_TASK TO COMPLETE_
Produce a faithful copy of every record below, without the pictures.

################

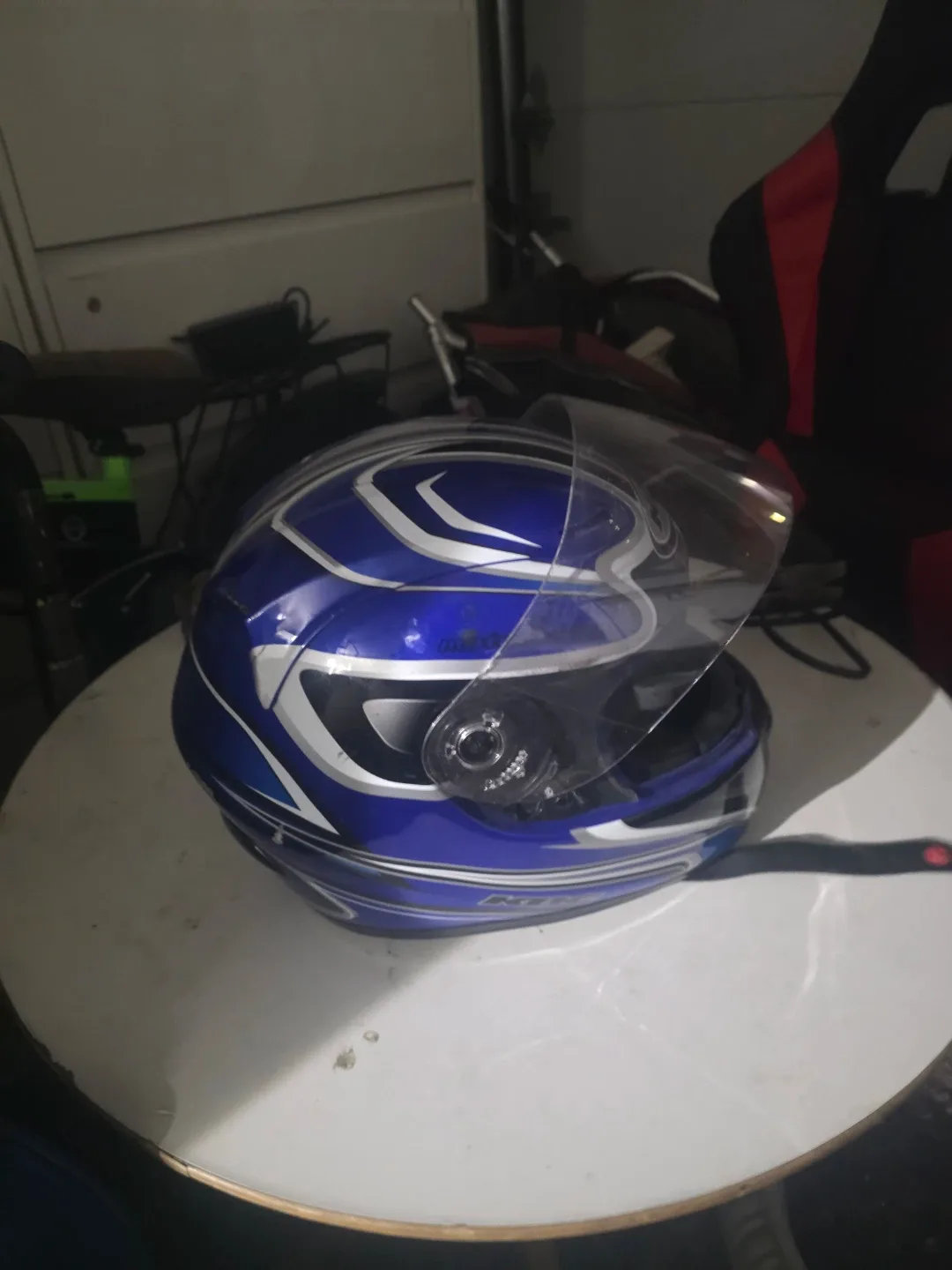 HJC Helmet - Blue & Silver image indicator(3)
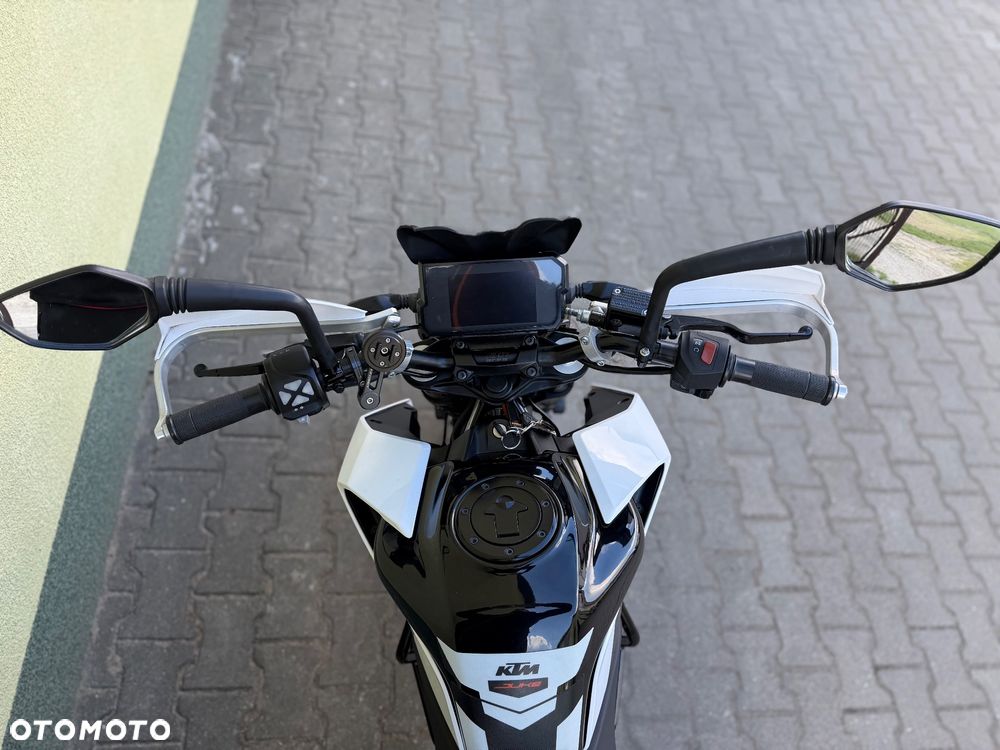 KTM Duke - 19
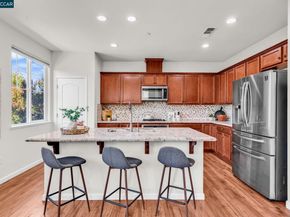 6983 Alamo Creek Trl, Dublin CA 94568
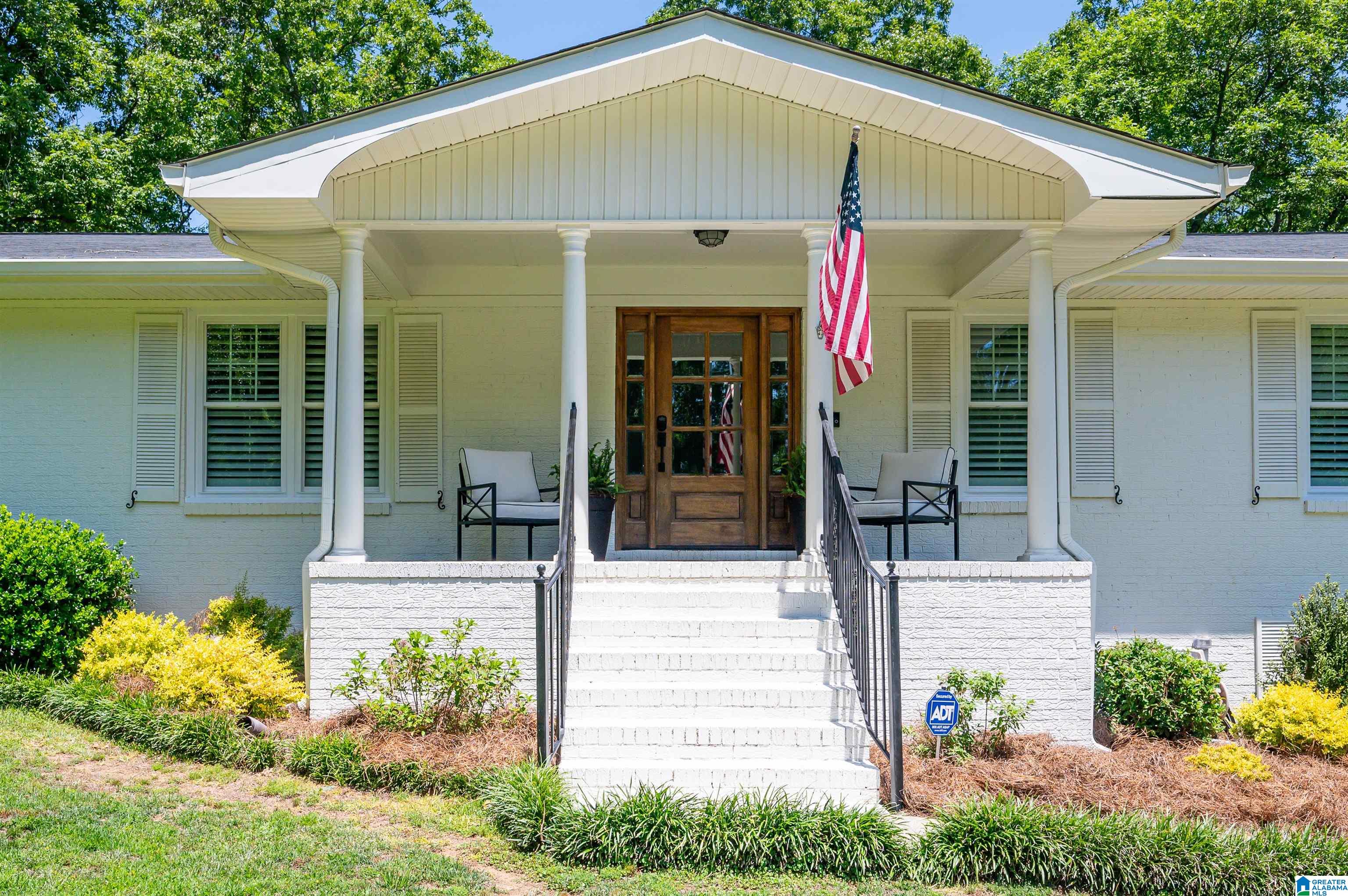 Photo 3 of Single family home for sale at 7050 Greenwood Lane, Leeds, AL 35094 | MLS# 21436097 | Listing updated on 2026-09-08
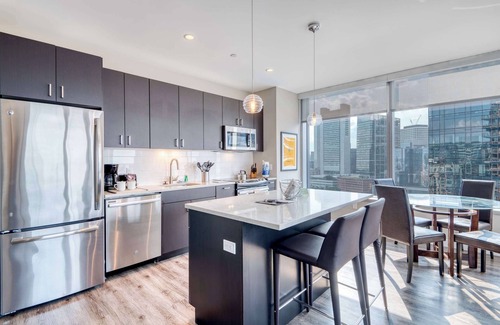 Seaport District Apartment | Luxury Apt with Gym In Seaport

################

_TASK SOLUTION_
 HJC Helmet - Blue & Silver image indicator(3)
 KTM Duke - 19
 6983 Alamo Creek Trl, Dublin CA 94568
 Photo 3 of Single family home for sale at 7050 Greenwood Lane, Leeds, AL 35094 | MLS# 21436097 | Listing updated on 2026-09-08
 Seaport District Apartment | Luxury Apt with Gym In Seaport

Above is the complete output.